PFAS in Artificial Turf Coats Players’ Skin

Dermal Uptake Little Examined Exposure Pathway for Toxic PFAS


Washington, DC — Soccer players and coaches on artificial turf pick up toxic PFAS on their skin, according to a study conducted by Public Employees for Environmental Responsibility (PEER). All brands of artificial turf tested contain PFAS (per-and polyfluoroalkyl substances) in carpet grass fibers and these chemicals leach off these surfaces, even on brand new fields.

The preliminary study done by PEER found that the amount of PFAS on the skin in three out of four players or coaches increased after soccer games played on artificial turf. By contrast, similar increases in PFAS on the skin were not observed after games played on grass fields.

These findings are of concern because human exposures to PFAS are associated with cancer, birth defects, developmental and immune deficiencies, and a host of other impairments. These adverse health impacts are magnified in young children whose bodies are still growing. In addition, PFAS, called “forever chemicals” because they do not readily break down in the environment, can bioaccumulate in our blood and organs.

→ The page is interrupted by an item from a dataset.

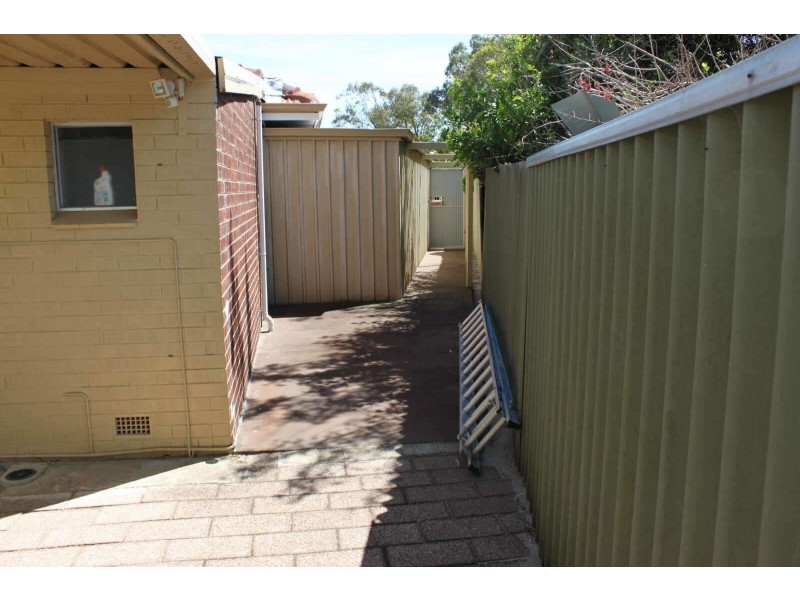 81 Streatley Road, Lathlain WA 6100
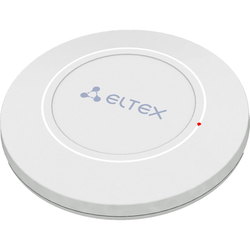 Eltex WEP-2ac Smart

“Although this was a preliminary study, it raises red flags and calls for additional studies to determine what risk there is of dermal absorption of PFAS from artificial turf,” stated PEER Science Policy Director Kyla Bennett, a scientist and lawyer formerly with the U.S. Environmental Protection Agency (EPA), noting that players on artificial turf may be exposed to PFAS through inhalation, ingestion, and skin absorption. “It’s also important to note that knowledge of dermal uptake of PFAS is severely lacking, but it may be a significant exposure pathway.”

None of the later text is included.